Though it will draw one-seventieth of the attention, Diary of a Mad Black Woman’s Christian sermonizing is far more wrongheaded, hypocritical and insulting than The Passion of the Christ.

Truly pious lessons of tolerance in the eyes of Jesus, family and friends are mixed in with jokes about dope smoking, flatulent, masturbating old men and gun-toting grandmas. The movie can’t decide whether it wants to be like school on Sunday or Ice Cube and Chris Tucker in Friday.

Worse yet, moments of cruelty such as dumping a paralyzed man into a bathtub with suggestions of drowning are played for slapstick laughs, not dramatic intensity. Only later are those actions the filmmakers once wanted us to laugh riotously at scolded for being un-Christian. This is the very sort of religious mindset mocked in the best moments of last year’s Saved!

That movie proved there was intelligent, careful, inoffensive mining for comedy to be done in the quest to live a good Christian life. Adapted from a stage play of the same name, Diary of a Mad Black Woman is an unfunny showcase for Tyler Perry, a comic playwright-turned-filmmaker.

Directorial credit goes to music-video veteran Darren Grant, but this really is Perry’s show. He wrote, produced, co-created the score and poorly mimics Martin Lawrence, Cedric the Entertainer and Morris Chestnut in each of his three performances. It’s not a vanity project. It’s an ego trip.

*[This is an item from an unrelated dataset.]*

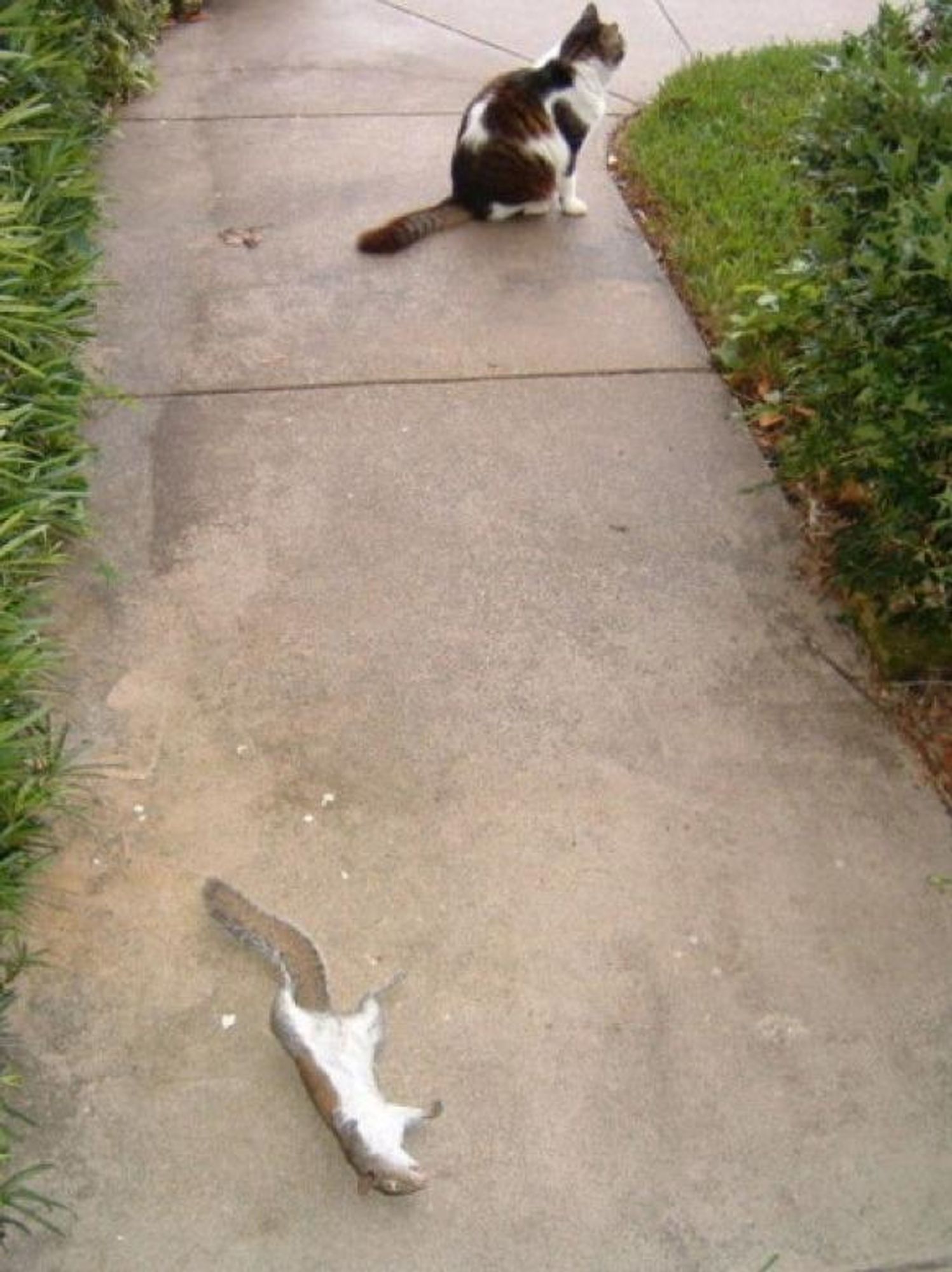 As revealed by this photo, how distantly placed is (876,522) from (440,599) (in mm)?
1126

In theory, the movie is about Helen McCarter (Kimberly Elise), trophy wife to bullheaded attorney Charles. As played by The Practice’s Steve Harris, Charles is a role so one-dimensionally evil it barely qualifies as human. One of the movie’s few original moments is just how coldly he tosses Helen aside 18 years of marriage, having started a family years ago with another woman.

Unemployed and confused, Helen moves back in with her grandmother Madea (played by Perry in drag in a role that is to him as Mama was to Vicki Lawrence). Madea’s antics are, I suppose, meant to endorse simple pleasures like firing guns in the air, assault and property destruction.

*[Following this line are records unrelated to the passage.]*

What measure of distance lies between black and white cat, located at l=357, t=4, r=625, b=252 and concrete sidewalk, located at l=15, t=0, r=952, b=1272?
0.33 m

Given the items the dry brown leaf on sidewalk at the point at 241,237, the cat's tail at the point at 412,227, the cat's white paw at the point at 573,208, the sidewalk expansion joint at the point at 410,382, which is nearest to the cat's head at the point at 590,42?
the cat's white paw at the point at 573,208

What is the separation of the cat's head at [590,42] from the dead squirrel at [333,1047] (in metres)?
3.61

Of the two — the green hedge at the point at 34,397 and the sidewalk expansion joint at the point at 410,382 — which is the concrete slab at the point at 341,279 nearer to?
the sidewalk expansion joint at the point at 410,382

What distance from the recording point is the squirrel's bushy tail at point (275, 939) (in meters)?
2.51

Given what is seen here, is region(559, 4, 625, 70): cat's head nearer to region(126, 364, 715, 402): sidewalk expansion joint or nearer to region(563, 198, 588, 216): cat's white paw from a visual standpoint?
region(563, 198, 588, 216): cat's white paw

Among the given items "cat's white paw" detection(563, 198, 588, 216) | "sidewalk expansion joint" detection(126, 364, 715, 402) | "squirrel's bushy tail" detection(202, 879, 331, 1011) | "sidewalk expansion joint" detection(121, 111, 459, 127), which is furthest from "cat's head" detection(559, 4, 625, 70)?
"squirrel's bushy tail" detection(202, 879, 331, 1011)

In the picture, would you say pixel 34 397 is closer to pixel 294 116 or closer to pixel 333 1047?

The film’s only bearable moments come when Helen becomes romantically interested on the rebound in Orlando (Shemar Moore), a steel-mill worker hoping to prove to Helen not all men are pigs. (Lines like “I got it so bad for you I’d go to the store and buy you feminine products” don’t speak much to Orlando’s suavity, though.) But horridly obvious plot contrivances send Helen back to Charles, spurring one of the least-convincing delays of expected romance of all time.

Elise plays her role as though it were in the movie she perhaps thought she signed on to do — one about a female’s empowerment through inner strength and spirituality. Diary needs more freeing moments such as that in which Helen takes pride in not going after Charles’ massive estate.

But in this weird mélange of Fried Green Tomatoes and So I Married An Axe Murderer, almost everything is reduced to sub-sitcom laughs. (A scene where Helen intimates to Madea domestic violence from Charles is the lowest such point.)

Diary is a religious zealot’s fairytale; how else to describe a movie in which a junkie is released from rehab just in time to put on a nice dress and hit a triumphant note with a church choir? But it’s a movie that preaches forgiveness while doing the unforgivable — using Christianity as a crutch.